Une caractéristique de la mondialisation actuelle est l’inégalité croissante entre
les différentes parties du monde et les crises successives dans les régions
dominées, soit les quatre cinquièmes de la planète. Un rapport examinera
l’apparente omnipuissance de l’impérialisme américain et les principales
difficultés qu’il doit affronter : la désintégration de l’État, « la guerre
asymétrique » et la surenchère des différentes formes de barbarie. Un deuxième
rapport traite des puissantes nouvelles institutions régionales et
internationales (UE, FMI, BM, OMC) et du rôle changeant des États nationaux. Un
troisième rapport (au début du programme) étudie les nouvelles formes
d’organisation du mouvement mondial de la justice et les questions qui en
découlent pour la démocratie et le rôle des socialistes révolutionnaires. Entre
ces rapports généraux, on insérera des débats sur différents continents en particulier
: l’Afrique, où ces développements suscitent des questions sur le rôle, voire
l’existence même, de l’État ; l’Asie déstabilisée par la crise financière de
1997 et les séquelles du 11 septembre ; et l’Europe, où la gauche
anticapitaliste tente de se regrouper et de résister à la construction d’une
deuxième superpuissance potentielle.
Face à ces défis, quelles sont les alternatives que
les mouvements sociaux et les partis de gauche ont à offrir ? Dans les
Alternatives : la Politique altermondialiste, nous examinons comment les
réponses de la gauche peuvent ébaucher de nouvelles stratégies anticapitalistes
et une nouvelle vision d’un avenir socialiste.
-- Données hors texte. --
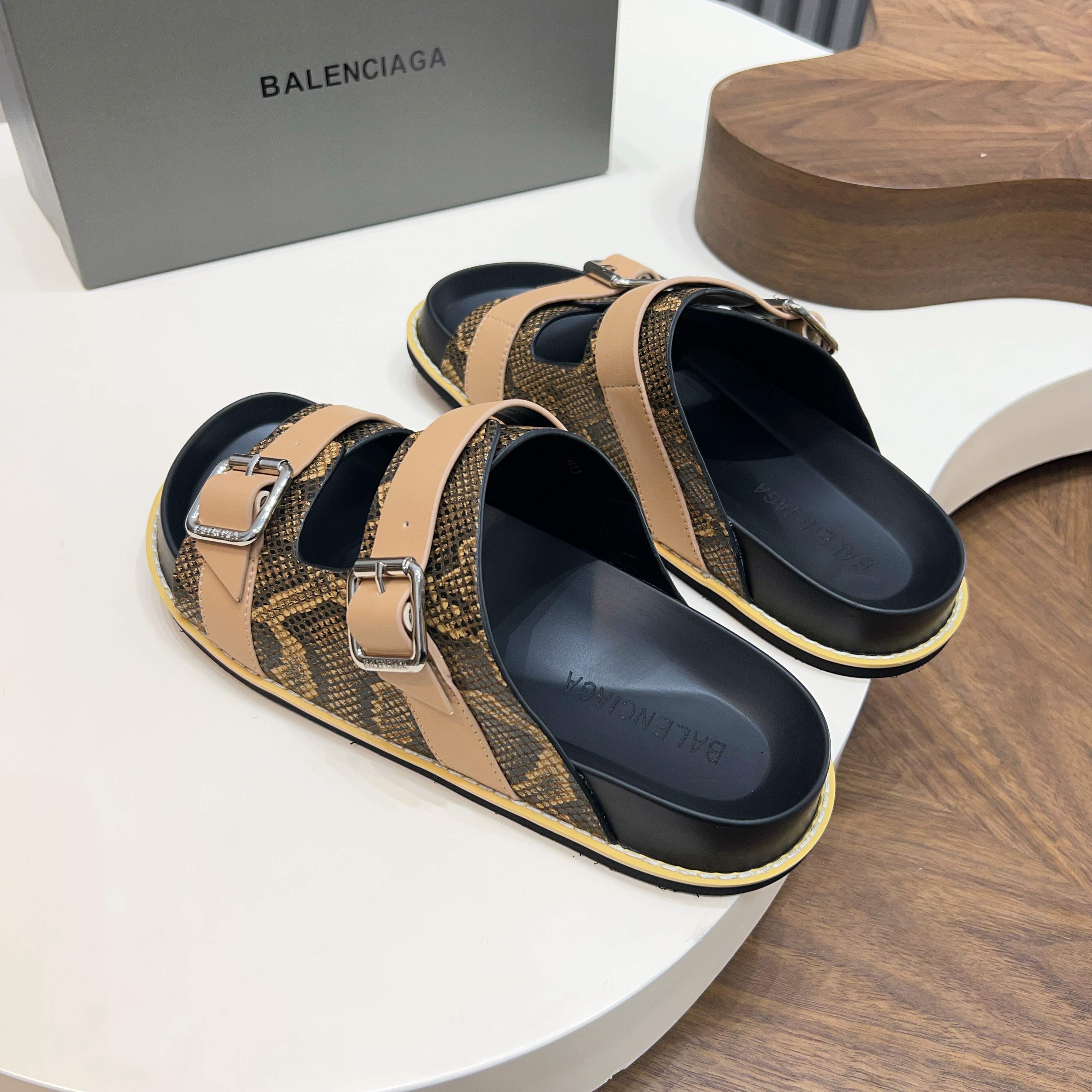 3cd6cce3463b94b6047e02aed40831b2_1775200392_9719.jpg 3cd6cce3463b94b6047e02aed40831b2_1775200392_9719_1775200414.jpg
Nous discuterons des questions
suivantes : Dans quelle mesure la gauche peut-elle tenter de rompre la
mondialisation néolibérale dans un seul pays ou région ? Une alternative
mondiale est-elle indispensable ? Comment structurer de façon complètement différente
la production, les finances et le commerce mondiaux ? Où en est le débat sur
ces questions au niveau régional et dans les Forums Sociaux Mondiaux ? Quelles
sont leurs possibilités et leurs limites ? Nous concluons par une discussion
sur la gauche révolutionnaire elle-même, sur la contribution des marxistes révolutionnaires
et des traditions féministes aux débats actuels, notamment le défi que pose la
construction d’une Internationale anticapitaliste.